The Swiss parliament has agreed only a partial funding plan for the new 13th annual state-pension payment, reported RTS. After lengthy wrangling, the National Council backed an increase in value-added tax (VAT) but rejected higher payroll contributions, leaving much of the additional cost uncovered.

The National Council voted to raise VAT by 0.4 percentage points. The shift was made possible by a change of position from the Green Liberal Party, which had previously opposed a permanent VAT increase.
The standard VAT rate will rise from 8.1% to 8.5%, while the reduced rate for hotels will increase from 3.8% to 4%. The lower rate of 2.6% applied to essentials such as food and medicines will remain unchanged.
Lawmakers narrowly rejected a proposal to raise payroll contributions by 0.2 percentage points. That measure had formed part of a compromise negotiated between the two chambers of parliament. Without it, the approved VAT increase covers only around half of the cost of the 13th pension payment.

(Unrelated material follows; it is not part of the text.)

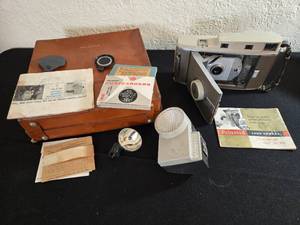 lot 24 image: Polaroid Land Camera Model 150 Along With Case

What options remain for the rest?
The Federal Council had prepared contingency plans in case parliament approved no funding at all. These included a larger VAT increase or a combination of higher VAT and payroll contributions. Neither chamber appears willing to support them at present. Whether the government will devise a new financing package remains unclear.
Will voters have the final say?
Almost certainly. Following the Green Liberals’ change of heart, the VAT increase is expected to pass parliament’s final vote. Because it requires a constitutional amendment, it must then be approved by both voters and cantons in a referendum, likely in November.

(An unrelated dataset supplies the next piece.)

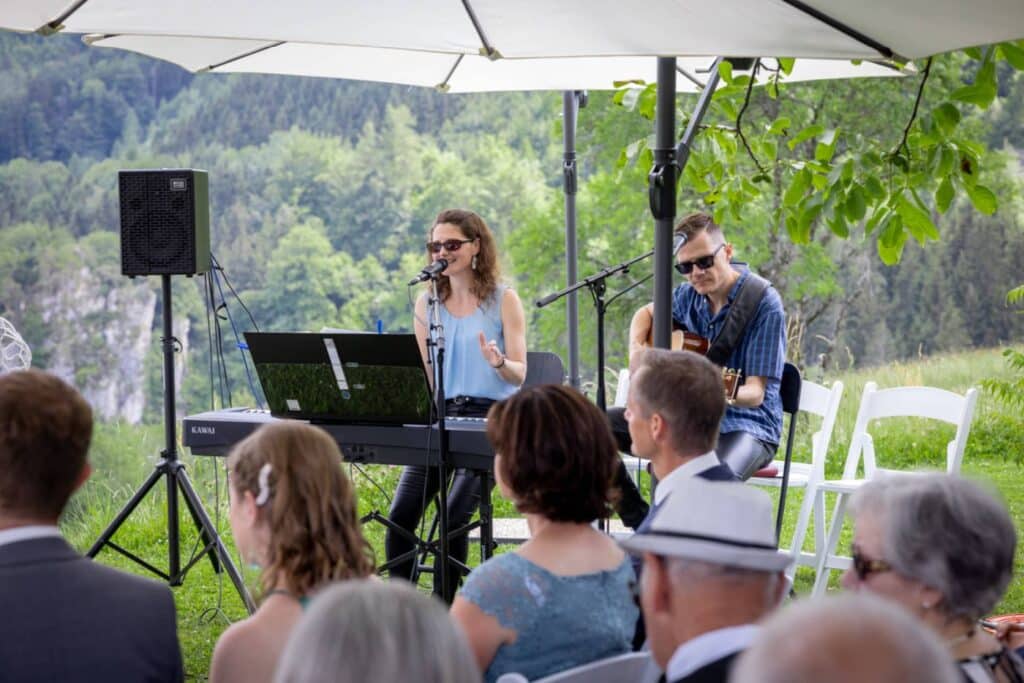 Eine Frau singt und spielt Keyboard, während neben ihr ein Mann unter einem weißen Sonnenschirm Gitarre spielt. Die Gäste sitzen auf weißen Stühlen und im Hintergrund ist eine üppige grüne Landschaft zu sehen.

What does this mean for pension payments?
The first 13th pension payments are due this December and will cost about CHF 4.2bn. Even if voters approve the VAT increase in November, businesses will need time to adjust prices and systems. As a result, the pension supplement will be paid for roughly two years without dedicated funding. That gap could amount to about CHF 9bn. From 2028 onwards, the approved VAT increase would still cover less than half of the programme’s cost.
The funding gap poses a growing challenge for the pension system. Strong stockmarket returns have masked some of the strain, but a shrinking asset base would reduce future investment income. An ageing population is adding to the pressure, increasing the number of pensioners relative to workers. The longer the imbalance is left unaddressed, the more expensive it is likely to become to fix.
The decision to expand pension benefits before identifying a sustainable source of funding looks increasingly imprudent.